The Canet family history traced its arrival in Australia to Charlie’s grandfather, Robert Canet; a 17 year-old crewman who jumped ship from an English trading vessel at the Melbourne docks during the height of the Victorian goldrush. Robert made his way to the gold fields, struck it rich, and eventually bought a farm in northern Victoria.
By 1915, Robert’s grandson; Charlie, was in Melbourne, playing impressive football for Brunswick Amateurs. Carlton soon took notice, and early the following year Canet made his senior debut for the Blues in a nail-biting 5-point win over Richmond at Punt Road. At first, Charlie played in a back pocket that afternoon, before coach Clark realised that he was much more valuable further up field. Throughout the rest of his time with the Blues, Canet rarely played anywhere else but the wing.
Canet’s best season was 1920, when he was appointed vice-captain to Charlie Fisher, and enjoyed a consistent year alongside champion centreman Rod McGregor. Then in July, Fisher was injured, and relinquished the captaincy. But instead of appointing Canet in Fisher’s place, Norman Clark gave that honour to centre half-back Paddy O’Brien, with Charlie remaining as his deputy. Clark was a strong-willed and forthright character, and not always the most tactful, so it is easy to conclude that Canet would not have appreciated the manner, or the circumstances of his rejection.
However, Carlton still made it all the way to the Preliminary Final in 1920, only to lose to Collingwood in a gruelling contest on a wet and heavy MCG. O’Brien and Canet battled hard all match trying to lift their side to victory, but Collingwood’s little men couldn’t be contained, and the final margin of 24 points flattered the Blues. Afterward, Paddy O’Brien rekindled the flame of antagonism between Clark and Canet when he in turn stood down as captain. Charlie Canet assumed the role at last, but there can be little doubt that resentment lingered on.

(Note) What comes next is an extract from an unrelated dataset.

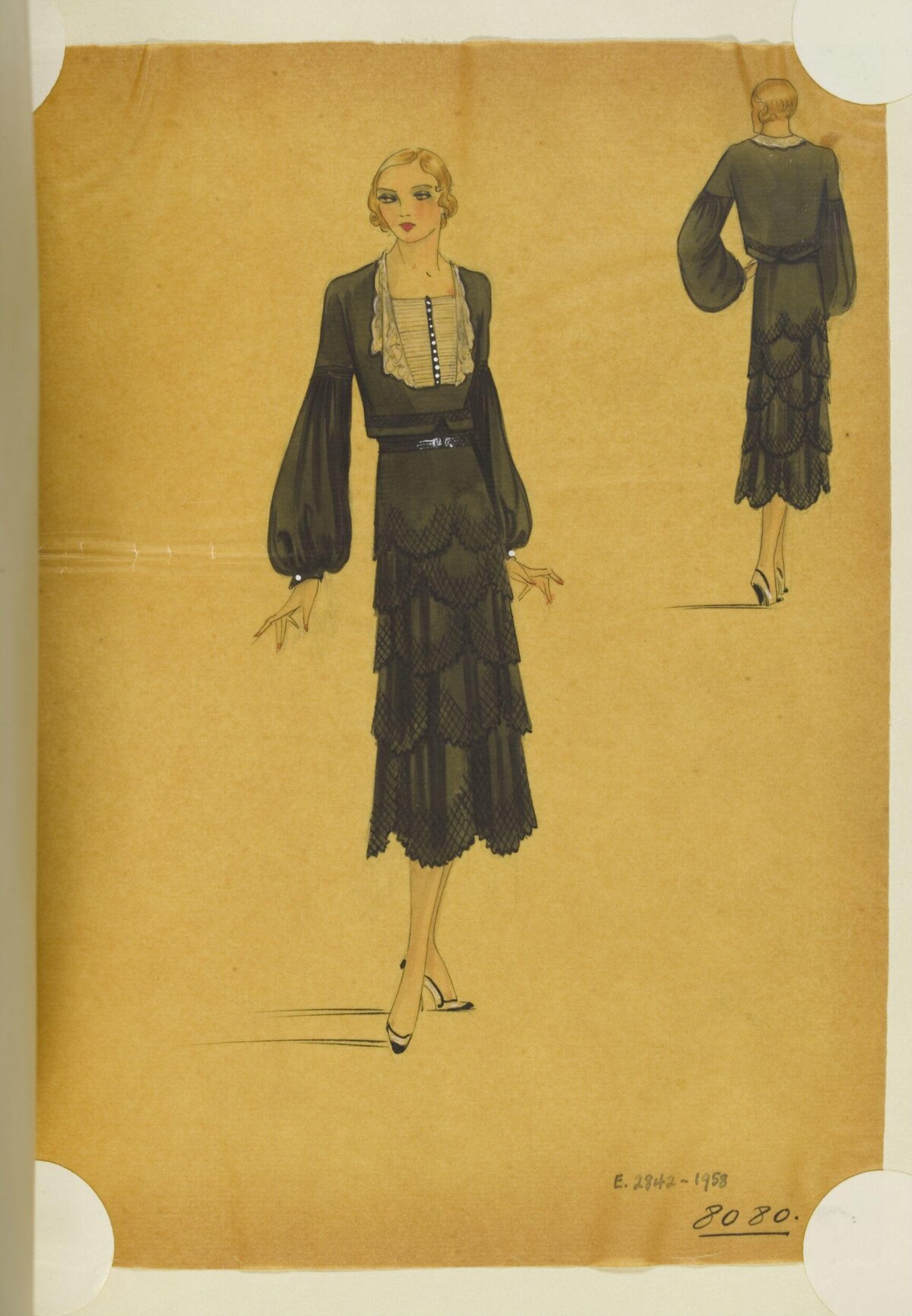 Vintage Black Dress Fashion Sketch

When season 1921 got underway, the tensions between Clark and Canet seemed to have eased, especially after the Blues first six matches brought three wins, two draws and a bye to give Charlie an unblemished record as captain. That was until the week prior to round 7, when Carlton sprung yet another surprise by announcing that Canet had been replaced by Gordon Green as captain of the Blues. The real circumstances of this fourth change of leadership in less than twelve months was never made public, but it was obvious that Canet’s position at Carlton was by then untenable.

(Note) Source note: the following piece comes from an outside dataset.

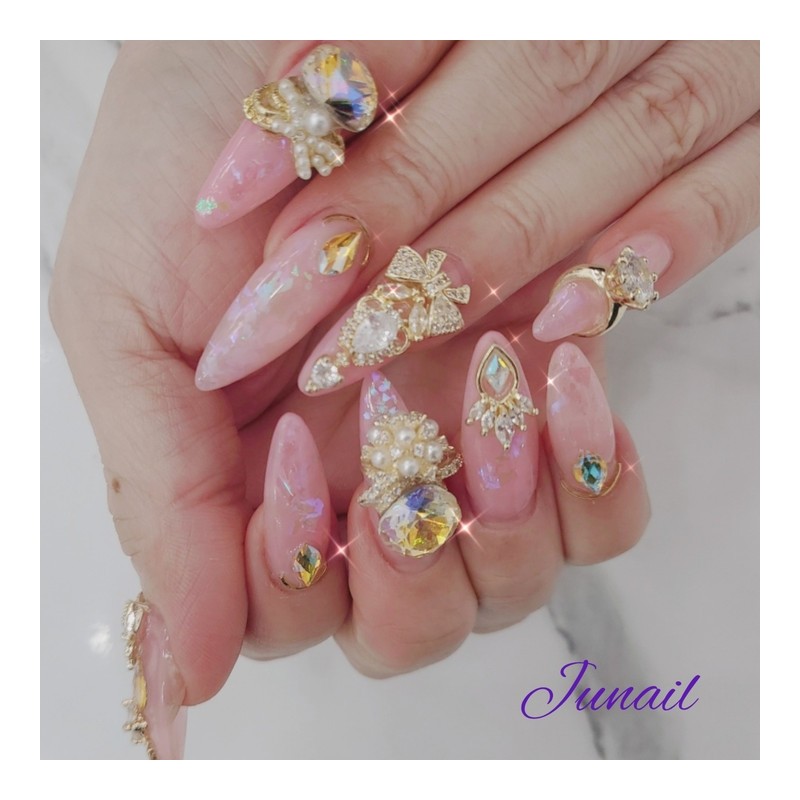 ⭐️ Light Topaz Handmade Nail Tips ✨ - Long Round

At 25 years of age, as a former VFL club captain with 79 games experience, Charlie Canet was hot football property, and it didn’t take long for the offers to roll in. Eventually, he decided to head for Nathalia in northern Victoria, where the prospect of employment, housing and a minimum salary of eight pounds a week to captain-coach the local team compared very favourably with his pay packet of five pounds a week at Carlton.
Canet played his eightieth and last match for the Navy Blues in August 1921, when Carlton comfortably accounted for South Melbourne at Princes Park. All four of the club’s most recent captains; Green, Canet, O’Brien and Fisher, were in the side that afternoon, when Norman Clark coached the side to a 25-point win.
After that, Charlie Canet went to Nathalia, and eventually settled in the district. When World War II began in 1939, he signed up at the age of 47 to spend two years serving with a Docks Operating Company of the Royal Australian Engineers. He came home safe and well, and lived out his remaining years in the bush before passing away in 1978, at the age of 82.